Пытаясь создать идеальное страшилище, Природа перестаралась. Стрелку зашкалило и отбросило в обратную сторону, посему чудовище оказалось наделенным своеобразной привлекательностью. В глазах его жизни не больше, чем в большом пальце на ноге трупа. А слежавшаяся шерсть в бесформенных ушных раковинах и выдыхаемая вонь очень пригодились бы в качестве аргумента любителям повитийствовать на тему совершенства творений Матери Природы.
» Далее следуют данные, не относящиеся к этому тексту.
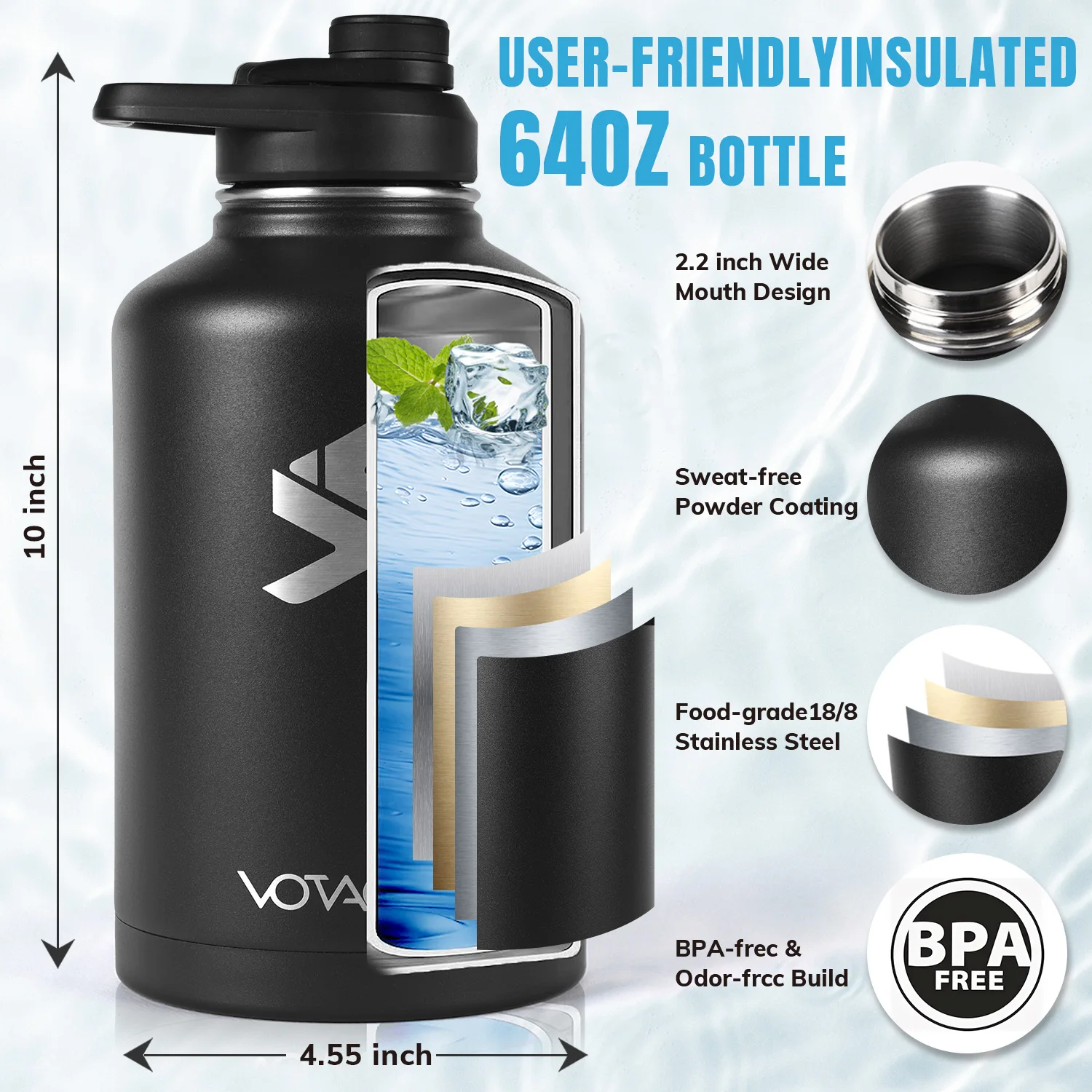 Botella Agua Táctica VOTAGOO Acero Inoxidable Térmica - imagen 3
Но вы — мелкое млекопитающее с развитым большим пальцем и самозарядным, компьютерно управляемым, с оптическим прицелом, двуствольным, нержавеющим, сверхмощным карабином 65-го калибра в хилых лапках; и вас влечет шкура грозного ящера. Пусть она испускает раздражающий, как басовая нота, запах, но слоновья кожа по сравнению с ней — дешевле туалетной бумаги. Шкура у бронтозавра серая, как море викингов, и прочная, как фундамент собора. Что иное помогло бы хрупким косточкам выдержать нагрузку колышущейся плоти?

По серой шкуре мечутся — можно увидеть их отсюда! — обитающие в складках и трещинах маленькие коричневые вши, наделенные неуловимостью привидений и жестокостью крабов. Если одна из них свалится на вас — хребту каюк. И когда какой-нибудь из этих паразитов задирает конечность, вы в силах разглядеть, что он, в свою очередь, носит собственный урожай паразитов рангом помладше — размером с омара. Вы уже близко. О! Так близко, что способны расслышать удары примитивного органа — сердца. Предсердие и желудочек функционируют исправно.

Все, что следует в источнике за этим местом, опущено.